Utang Luar Negeri (ULN) Indonesia per akhir Maret 2026 naik 0,8 persen dibandingkan posisi Desember 2025 menjadi US$ 433,4 miliar atau setara Rp 7.669 triliun dengan kurs Rp 17.695. Data pertumbuhan tersebut dilansir dari Detik Finance berdasarkan catatan resmi Bank Indonesia pada Selasa (19/5/2026).
Rasio ULN Indonesia terhadap Produk Domestik Bruto (PDB) mengalami penurunan menjadi 29,5 persen dari sebelumnya 30 persen pada triwulan IV-2025. Struktur utang ini didominasi oleh ULN jangka panjang dengan kontribusi mencapai 85,4 persen dari total keseluruhan.

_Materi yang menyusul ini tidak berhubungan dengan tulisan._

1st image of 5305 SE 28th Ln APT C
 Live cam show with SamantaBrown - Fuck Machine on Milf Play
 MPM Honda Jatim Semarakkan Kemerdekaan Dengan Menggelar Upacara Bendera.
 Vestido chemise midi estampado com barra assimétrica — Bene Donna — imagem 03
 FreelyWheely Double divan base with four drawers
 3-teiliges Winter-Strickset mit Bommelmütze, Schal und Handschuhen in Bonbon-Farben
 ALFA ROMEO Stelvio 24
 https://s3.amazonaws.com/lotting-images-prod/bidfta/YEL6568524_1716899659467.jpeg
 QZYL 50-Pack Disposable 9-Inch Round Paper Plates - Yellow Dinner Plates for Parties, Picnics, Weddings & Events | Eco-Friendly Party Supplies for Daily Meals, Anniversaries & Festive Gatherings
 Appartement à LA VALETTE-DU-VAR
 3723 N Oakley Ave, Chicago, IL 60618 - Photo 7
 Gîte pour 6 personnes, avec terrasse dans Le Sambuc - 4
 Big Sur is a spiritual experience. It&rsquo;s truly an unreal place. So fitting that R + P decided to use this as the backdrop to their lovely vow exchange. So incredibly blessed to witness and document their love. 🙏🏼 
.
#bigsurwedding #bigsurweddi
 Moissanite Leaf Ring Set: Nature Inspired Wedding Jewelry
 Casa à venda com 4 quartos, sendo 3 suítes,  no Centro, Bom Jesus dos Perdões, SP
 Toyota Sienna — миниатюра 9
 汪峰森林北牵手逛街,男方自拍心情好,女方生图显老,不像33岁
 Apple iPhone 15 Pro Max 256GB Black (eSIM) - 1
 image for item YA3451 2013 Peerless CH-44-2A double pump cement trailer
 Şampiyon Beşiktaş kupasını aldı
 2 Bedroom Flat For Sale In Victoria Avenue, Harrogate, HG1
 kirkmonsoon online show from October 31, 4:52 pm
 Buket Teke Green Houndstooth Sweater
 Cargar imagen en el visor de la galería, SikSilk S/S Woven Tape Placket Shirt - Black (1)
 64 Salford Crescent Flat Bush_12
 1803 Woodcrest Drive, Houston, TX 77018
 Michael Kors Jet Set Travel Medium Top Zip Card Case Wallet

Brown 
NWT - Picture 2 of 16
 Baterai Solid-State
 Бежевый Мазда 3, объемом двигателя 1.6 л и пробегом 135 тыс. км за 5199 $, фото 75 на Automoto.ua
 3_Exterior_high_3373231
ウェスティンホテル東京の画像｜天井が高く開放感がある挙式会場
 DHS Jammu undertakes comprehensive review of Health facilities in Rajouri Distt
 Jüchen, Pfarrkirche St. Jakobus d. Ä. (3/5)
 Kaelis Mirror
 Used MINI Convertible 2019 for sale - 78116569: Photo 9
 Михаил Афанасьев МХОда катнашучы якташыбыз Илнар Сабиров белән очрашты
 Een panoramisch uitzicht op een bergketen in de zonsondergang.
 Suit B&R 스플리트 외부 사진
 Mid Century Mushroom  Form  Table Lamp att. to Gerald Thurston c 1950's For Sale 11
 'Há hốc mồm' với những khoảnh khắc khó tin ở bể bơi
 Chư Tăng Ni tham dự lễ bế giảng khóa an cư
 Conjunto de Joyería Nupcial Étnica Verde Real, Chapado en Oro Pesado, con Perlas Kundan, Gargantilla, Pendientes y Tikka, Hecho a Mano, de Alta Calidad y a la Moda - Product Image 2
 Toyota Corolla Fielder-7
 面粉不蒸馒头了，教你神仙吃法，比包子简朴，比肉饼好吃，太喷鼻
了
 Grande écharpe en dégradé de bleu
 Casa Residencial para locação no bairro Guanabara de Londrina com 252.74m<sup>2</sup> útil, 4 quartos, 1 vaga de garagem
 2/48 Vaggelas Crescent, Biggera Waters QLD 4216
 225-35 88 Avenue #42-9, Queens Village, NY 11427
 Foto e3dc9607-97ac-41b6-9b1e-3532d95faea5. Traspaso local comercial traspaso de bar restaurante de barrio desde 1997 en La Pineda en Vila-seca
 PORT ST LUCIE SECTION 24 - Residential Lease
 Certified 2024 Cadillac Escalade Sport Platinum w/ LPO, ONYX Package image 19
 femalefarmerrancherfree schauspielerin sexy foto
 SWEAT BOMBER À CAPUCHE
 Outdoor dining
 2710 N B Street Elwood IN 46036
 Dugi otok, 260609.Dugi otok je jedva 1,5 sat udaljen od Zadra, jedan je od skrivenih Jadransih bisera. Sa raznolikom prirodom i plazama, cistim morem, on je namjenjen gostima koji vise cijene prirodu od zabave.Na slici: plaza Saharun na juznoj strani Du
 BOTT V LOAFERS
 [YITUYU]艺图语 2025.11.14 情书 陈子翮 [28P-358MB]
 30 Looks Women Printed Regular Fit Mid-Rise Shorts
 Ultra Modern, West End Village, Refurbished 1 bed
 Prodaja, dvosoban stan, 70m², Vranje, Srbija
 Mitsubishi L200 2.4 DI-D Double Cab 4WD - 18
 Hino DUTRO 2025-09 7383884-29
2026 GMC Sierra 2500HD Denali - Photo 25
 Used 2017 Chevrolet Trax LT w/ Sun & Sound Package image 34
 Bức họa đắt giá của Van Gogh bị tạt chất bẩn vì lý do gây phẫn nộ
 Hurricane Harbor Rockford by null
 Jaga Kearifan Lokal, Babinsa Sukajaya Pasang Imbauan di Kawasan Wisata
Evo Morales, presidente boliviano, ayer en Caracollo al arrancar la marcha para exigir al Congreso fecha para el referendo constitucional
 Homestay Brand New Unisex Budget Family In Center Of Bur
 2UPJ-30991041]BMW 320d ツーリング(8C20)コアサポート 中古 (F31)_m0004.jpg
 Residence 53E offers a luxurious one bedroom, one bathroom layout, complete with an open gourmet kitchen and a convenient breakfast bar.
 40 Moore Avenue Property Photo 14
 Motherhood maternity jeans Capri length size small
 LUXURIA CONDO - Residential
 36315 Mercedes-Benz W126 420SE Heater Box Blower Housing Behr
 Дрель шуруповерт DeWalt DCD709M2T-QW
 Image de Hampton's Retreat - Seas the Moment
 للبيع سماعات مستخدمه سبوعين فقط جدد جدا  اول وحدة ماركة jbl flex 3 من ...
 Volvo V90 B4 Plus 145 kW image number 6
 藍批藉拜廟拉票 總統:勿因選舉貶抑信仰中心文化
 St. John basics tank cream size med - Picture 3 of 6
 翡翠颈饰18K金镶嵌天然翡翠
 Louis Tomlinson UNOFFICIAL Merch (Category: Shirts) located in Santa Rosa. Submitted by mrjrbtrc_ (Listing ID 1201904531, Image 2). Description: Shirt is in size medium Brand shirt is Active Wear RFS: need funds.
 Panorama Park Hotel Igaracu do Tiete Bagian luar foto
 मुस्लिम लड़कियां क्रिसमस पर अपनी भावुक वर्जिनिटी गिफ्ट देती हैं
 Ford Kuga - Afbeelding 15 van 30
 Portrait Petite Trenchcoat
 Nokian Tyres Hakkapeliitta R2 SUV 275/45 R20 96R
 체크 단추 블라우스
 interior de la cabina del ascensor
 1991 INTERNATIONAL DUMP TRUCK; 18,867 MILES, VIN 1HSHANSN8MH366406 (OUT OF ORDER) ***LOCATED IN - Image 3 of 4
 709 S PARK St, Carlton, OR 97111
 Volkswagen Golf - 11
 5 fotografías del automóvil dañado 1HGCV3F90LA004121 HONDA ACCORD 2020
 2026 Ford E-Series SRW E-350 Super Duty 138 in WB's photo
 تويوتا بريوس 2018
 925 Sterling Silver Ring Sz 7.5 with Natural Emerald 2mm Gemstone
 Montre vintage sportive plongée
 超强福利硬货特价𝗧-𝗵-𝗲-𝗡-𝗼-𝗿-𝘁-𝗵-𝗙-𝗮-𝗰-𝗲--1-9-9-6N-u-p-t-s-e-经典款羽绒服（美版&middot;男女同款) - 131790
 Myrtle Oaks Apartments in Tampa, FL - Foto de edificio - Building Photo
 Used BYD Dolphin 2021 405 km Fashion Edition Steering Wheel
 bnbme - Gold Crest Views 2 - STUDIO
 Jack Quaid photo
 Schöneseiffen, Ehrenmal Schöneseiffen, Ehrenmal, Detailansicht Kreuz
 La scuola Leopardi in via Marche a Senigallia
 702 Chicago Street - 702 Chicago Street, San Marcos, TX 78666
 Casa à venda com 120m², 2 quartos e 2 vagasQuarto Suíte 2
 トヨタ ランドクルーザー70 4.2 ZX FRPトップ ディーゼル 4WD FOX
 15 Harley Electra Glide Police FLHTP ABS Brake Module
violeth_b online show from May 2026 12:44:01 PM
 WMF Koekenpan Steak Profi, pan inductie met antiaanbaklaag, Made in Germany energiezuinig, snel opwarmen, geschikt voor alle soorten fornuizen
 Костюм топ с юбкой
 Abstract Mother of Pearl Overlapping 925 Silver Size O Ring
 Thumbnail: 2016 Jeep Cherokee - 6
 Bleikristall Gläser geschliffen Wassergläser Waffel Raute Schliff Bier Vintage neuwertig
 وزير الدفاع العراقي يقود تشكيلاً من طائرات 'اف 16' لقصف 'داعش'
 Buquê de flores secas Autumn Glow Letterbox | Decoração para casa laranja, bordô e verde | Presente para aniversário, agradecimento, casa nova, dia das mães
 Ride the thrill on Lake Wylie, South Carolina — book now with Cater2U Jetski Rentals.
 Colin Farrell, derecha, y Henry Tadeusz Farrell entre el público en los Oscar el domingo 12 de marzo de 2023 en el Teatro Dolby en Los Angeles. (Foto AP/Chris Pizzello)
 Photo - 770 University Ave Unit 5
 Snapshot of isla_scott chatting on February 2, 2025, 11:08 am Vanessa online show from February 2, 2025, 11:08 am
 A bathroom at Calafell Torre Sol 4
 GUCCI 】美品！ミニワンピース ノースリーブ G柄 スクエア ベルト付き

"Posisi ULN Indonesia pada triwulan I-2026 tercatat sebesar US$ 433,4 miliar atau secara tahunan tumbuh 0,8%, melambat dibandingkan pertumbuhan pada triwulan IV-2025 sebesar 1,9%," kata Kepala Departemen Komunikasi BI, Ramdan Denny Prakoso dalam keterangan tertulis, Selasa (19/5/2026).
ULN pemerintah tercatat sebesar US$ 214,7 miliar atau tumbuh 3,8 persen secara tahunan, melambat dari triwulan sebelumnya yang tumbuh 5,5 persen. Sektor jasa kesehatan, kegiatan sosial, administrasi pemerintah, pertahanan, jaminan sosial wajib, pendidikan, konstruksi, serta transportasi menjadi tujuan utama pemanfaatan utang pemerintah yang didominasi jangka panjang sebesar 99,99 persen.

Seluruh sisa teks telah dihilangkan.